# [Problem description]
Reproduce, with no edits, the line that contains "Dyskietki Do Komputera, Zestaw" and all the lines that follow it, ending with the last line of the records.

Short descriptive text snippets
Content starts

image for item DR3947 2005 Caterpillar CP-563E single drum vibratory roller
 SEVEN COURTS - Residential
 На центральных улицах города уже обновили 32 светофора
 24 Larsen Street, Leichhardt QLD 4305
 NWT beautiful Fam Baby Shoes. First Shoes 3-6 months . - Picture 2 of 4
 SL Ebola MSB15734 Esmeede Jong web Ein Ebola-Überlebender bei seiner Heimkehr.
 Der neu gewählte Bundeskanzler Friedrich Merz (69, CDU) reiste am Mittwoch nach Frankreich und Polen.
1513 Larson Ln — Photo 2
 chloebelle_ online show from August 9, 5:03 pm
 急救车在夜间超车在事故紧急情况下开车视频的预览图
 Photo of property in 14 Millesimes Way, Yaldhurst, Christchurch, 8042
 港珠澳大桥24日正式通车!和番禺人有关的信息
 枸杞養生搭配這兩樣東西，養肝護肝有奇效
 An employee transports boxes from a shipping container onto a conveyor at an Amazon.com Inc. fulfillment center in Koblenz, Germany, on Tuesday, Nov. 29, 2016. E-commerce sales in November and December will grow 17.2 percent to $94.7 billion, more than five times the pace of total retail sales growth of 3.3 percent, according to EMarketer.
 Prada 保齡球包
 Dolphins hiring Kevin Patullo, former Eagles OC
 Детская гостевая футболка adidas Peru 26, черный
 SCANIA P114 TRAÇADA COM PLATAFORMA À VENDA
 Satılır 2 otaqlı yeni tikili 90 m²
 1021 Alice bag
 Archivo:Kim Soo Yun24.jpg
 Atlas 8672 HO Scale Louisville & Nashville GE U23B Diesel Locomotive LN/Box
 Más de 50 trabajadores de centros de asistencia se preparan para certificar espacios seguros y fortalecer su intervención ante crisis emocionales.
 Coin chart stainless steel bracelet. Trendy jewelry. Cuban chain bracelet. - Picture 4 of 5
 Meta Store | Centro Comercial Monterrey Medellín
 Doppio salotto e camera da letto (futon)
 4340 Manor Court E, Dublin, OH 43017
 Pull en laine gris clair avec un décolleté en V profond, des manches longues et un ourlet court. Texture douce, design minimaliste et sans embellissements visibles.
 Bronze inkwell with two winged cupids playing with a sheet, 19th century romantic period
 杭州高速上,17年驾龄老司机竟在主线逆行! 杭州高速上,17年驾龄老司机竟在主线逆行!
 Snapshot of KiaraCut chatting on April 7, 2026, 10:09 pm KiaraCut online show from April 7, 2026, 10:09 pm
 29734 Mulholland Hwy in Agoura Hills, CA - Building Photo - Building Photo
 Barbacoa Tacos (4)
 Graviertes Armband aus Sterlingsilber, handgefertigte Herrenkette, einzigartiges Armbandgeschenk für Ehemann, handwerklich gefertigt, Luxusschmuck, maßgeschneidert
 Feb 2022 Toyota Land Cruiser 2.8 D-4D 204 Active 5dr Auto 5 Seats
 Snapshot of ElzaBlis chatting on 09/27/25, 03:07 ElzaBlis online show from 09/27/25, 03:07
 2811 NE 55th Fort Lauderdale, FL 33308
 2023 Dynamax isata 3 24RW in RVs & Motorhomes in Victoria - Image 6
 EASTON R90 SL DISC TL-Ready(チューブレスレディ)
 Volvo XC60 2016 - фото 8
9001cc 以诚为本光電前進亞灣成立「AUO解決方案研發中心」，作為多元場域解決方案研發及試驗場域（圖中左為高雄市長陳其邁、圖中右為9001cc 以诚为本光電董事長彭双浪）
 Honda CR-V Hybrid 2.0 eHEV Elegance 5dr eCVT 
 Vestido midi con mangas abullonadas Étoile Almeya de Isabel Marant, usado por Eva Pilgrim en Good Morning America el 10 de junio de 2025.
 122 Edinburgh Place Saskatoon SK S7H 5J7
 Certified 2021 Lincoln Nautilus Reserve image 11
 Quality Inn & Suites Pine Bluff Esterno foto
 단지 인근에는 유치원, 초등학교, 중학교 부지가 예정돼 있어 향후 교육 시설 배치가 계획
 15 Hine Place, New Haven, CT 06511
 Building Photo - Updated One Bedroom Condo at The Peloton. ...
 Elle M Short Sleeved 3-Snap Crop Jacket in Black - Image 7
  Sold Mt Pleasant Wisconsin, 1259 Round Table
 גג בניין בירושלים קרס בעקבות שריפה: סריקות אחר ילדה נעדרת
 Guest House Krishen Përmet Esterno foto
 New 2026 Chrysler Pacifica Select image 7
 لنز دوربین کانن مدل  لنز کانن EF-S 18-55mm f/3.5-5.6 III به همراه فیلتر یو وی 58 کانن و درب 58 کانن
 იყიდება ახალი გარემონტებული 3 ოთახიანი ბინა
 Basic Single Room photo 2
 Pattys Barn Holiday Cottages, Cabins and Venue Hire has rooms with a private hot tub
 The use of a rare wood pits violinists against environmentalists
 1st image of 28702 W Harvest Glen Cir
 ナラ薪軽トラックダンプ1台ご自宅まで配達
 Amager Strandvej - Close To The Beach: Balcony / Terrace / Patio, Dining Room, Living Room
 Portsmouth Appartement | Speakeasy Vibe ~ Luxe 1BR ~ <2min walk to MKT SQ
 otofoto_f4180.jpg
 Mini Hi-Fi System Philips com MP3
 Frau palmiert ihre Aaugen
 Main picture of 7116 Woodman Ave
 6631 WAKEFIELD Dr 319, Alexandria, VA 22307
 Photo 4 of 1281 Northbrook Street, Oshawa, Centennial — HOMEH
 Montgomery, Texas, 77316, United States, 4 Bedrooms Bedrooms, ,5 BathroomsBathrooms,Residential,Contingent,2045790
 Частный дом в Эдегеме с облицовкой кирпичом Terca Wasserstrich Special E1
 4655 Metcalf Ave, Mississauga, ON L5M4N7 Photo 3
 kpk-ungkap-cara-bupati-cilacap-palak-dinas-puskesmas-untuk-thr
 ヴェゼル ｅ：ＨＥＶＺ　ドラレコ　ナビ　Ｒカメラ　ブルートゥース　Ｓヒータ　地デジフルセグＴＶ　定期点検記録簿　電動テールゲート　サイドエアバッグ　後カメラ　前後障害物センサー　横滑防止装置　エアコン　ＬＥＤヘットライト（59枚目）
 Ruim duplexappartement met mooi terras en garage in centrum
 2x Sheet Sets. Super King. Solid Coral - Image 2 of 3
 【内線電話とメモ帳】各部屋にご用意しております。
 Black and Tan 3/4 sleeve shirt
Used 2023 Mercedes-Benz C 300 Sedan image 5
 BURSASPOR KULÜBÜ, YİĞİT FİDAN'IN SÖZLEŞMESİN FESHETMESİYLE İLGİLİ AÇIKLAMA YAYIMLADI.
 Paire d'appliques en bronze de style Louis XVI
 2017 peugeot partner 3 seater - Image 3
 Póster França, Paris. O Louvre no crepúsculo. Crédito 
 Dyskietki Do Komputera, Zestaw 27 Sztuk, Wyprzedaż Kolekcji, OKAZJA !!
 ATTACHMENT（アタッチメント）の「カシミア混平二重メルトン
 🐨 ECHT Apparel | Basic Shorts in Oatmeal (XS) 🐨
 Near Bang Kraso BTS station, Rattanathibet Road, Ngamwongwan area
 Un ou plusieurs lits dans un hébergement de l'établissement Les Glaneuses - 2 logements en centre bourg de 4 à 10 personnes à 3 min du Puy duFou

Content ends

# [Response]
 Dyskietki Do Komputera, Zestaw 27 Sztuk, Wyprzedaż Kolekcji, OKAZJA !!
 ATTACHMENT（アタッチメント）の「カシミア混平二重メルトン
 🐨 ECHT Apparel | Basic Shorts in Oatmeal (XS) 🐨
 Near Bang Kraso BTS station, Rattanathibet Road, Ngamwongwan area
 Un ou plusieurs lits dans un hébergement de l'établissement Les Glaneuses - 2 logements en centre bourg de 4 à 10 personnes à 3 min du Puy duFou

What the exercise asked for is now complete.